- _Data to use_
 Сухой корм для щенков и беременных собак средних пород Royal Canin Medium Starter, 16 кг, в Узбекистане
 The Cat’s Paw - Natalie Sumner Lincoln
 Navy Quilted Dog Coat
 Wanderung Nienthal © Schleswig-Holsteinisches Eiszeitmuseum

---

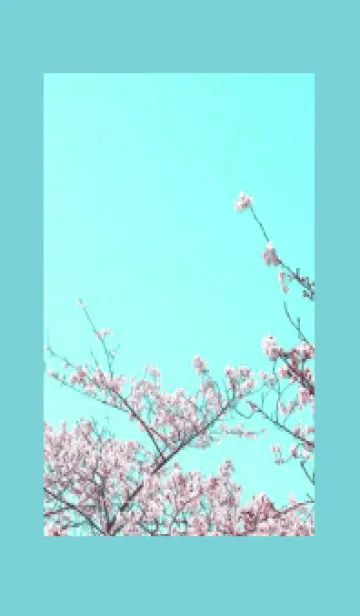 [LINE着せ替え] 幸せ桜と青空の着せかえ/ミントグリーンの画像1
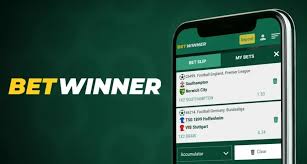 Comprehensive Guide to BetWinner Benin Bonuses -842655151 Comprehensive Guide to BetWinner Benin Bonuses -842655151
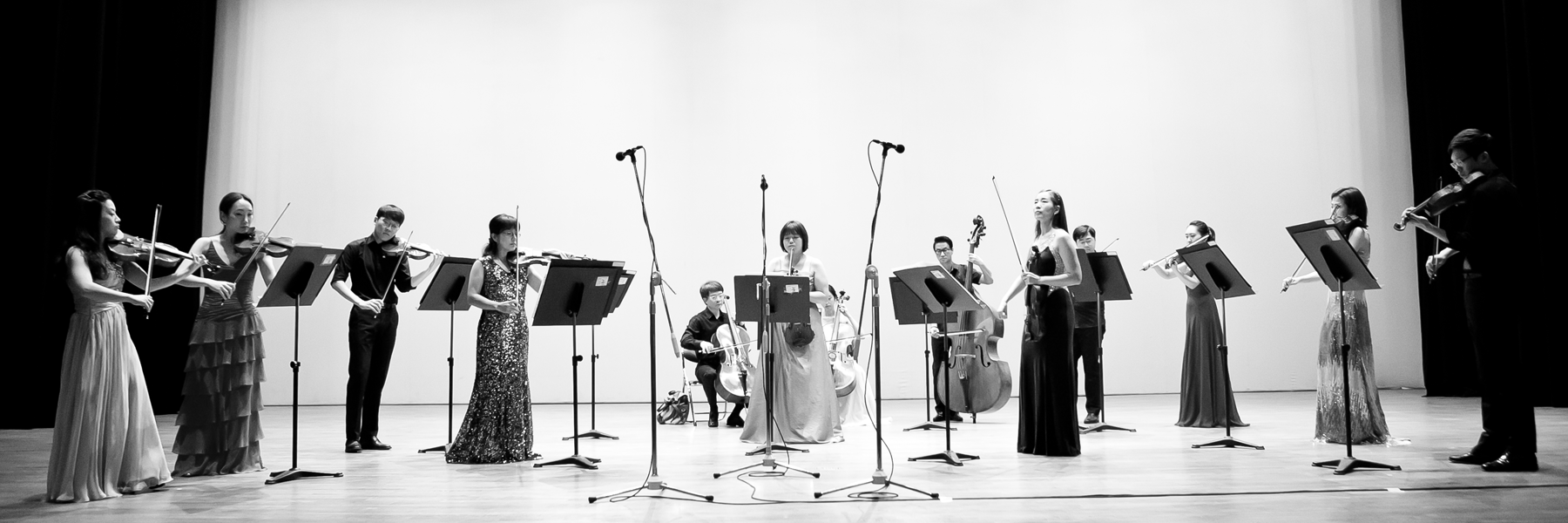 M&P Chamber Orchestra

- _Exercise brief_
Restate the lines above from the one containing "[LINE着せ替え] 幸せ桜と青空の着せかえ/ミントグリーンの画像1" through the one containing "M&P Chamber Orchestra", inclusive, exactly and without pictures.

- _Response to this exercise_
 [LINE着せ替え] 幸せ桜と青空の着せかえ/ミントグリーンの画像1
 Comprehensive Guide to BetWinner Benin Bonuses -842655151 Comprehensive Guide to BetWinner Benin Bonuses -842655151
 M&P Chamber Orchestra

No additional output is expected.